In reading the three pieces, there are obvious connections between Green’s essay and “Sir Gawain” as Green’s essay is written about “Sir Gawain.” I can see why Rose’s chapter was paired with this poem as there is a lot of visual imagery in the poem. I cannot, however, find a connection between Green’s essay and Rose’s chapter.
Green’s essay is brief and focused. I thought the essay was very well reasoned and researched. Green cites several cases from the time period in which “Sir Gawain” was written that describe the ritual of the glove and the five pennies (Green 18) and it is reasonable to assume the poet would be aware of this ritual. The fact that each champion would donate their 5 pennies to the church in honor of the 5 wounds of Christ (Green 15) is very compelling evidence as the line following the five fingers reference in “Sir Gawain” refers to the 5 wounds of Christ. Before even reading Green’s essay, I read Gawain as a champion/stand-in for Arthur. For me, that seems evident. Stanzas 15 through 18 of “Fytt the First,” outline the terms of Gawain serving as Arthur’s champion. Though the circumstance is not a trial, the protocol appears to be the same. When reading Green’s essay, it seems logical to compare Gawain to a trial champion and therefore reasonable to support Green’s theory.

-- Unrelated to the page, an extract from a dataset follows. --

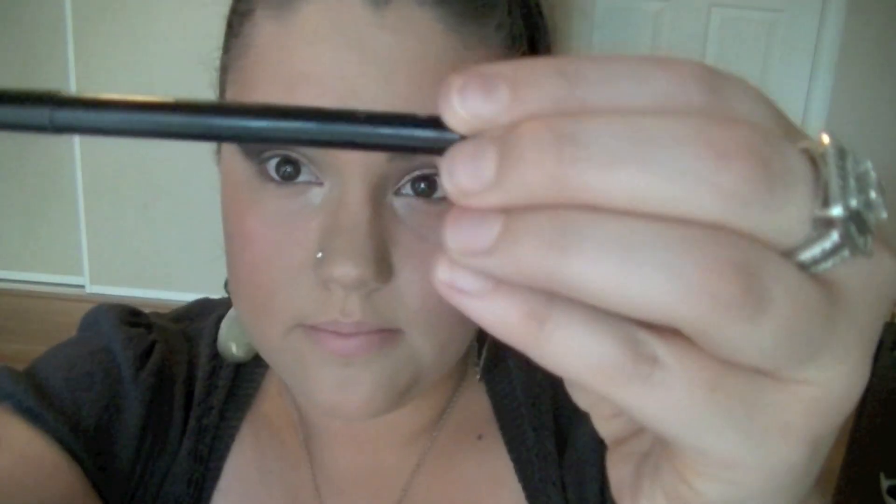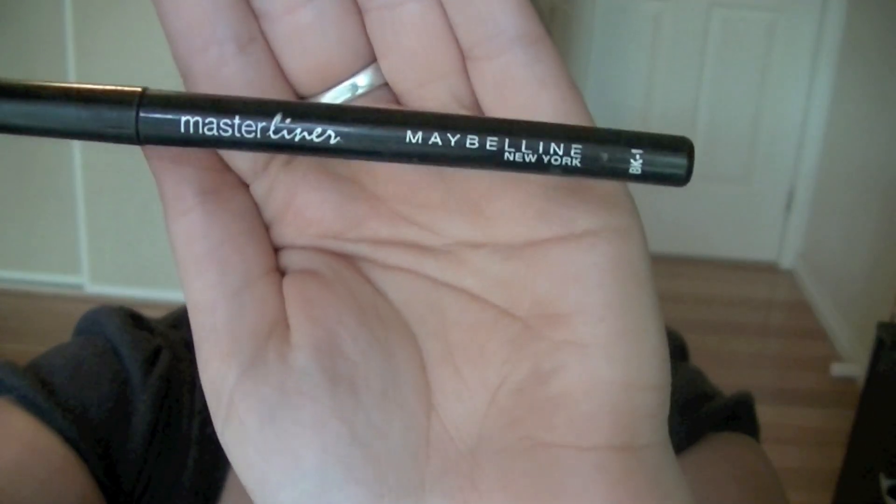So you're going to take a black eyeliner — I'm using Maybelline Master Liner — and you're just going to go along your bottom lash line about three quarters of the way, just to give your eye a little bit of definition. Also take it above your lash line as well, and then we're going to go over it with some liquid eyeliner.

Although I found the “Visual Methodologies” chapter in Research Methods for English Studies interesting, I can understand why visual methods are not discussed much in English studies (Griffin 9). The version of “Sir Gawain” that I read did include visual imagery; if there are versions that accompany visual imagery, a compositional interpretation would be relevant. There is so much textual imagery in this poem, however, that I could visualize the scene and characters. From that perspective, I found a compositional interpretation of the text interesting.
I have not exercised the muscles in my brain required to analyze visual imagery and therefore find it hard to make any theories on connections on the imagery. That being said, the poem is saturated with visual language and textual imagery. Color, in particular, is used to a great extent. In the description of the Green Knight, the poet uses various gradients and hues of green for both the knight and his horse. The poet also pairs green with gold in this description. Both green and gold are colors that have been associated with wealth and prestige, so the poet may have used these colors purposefully, as the knight promises treasure to his opponent, if his opponent wins.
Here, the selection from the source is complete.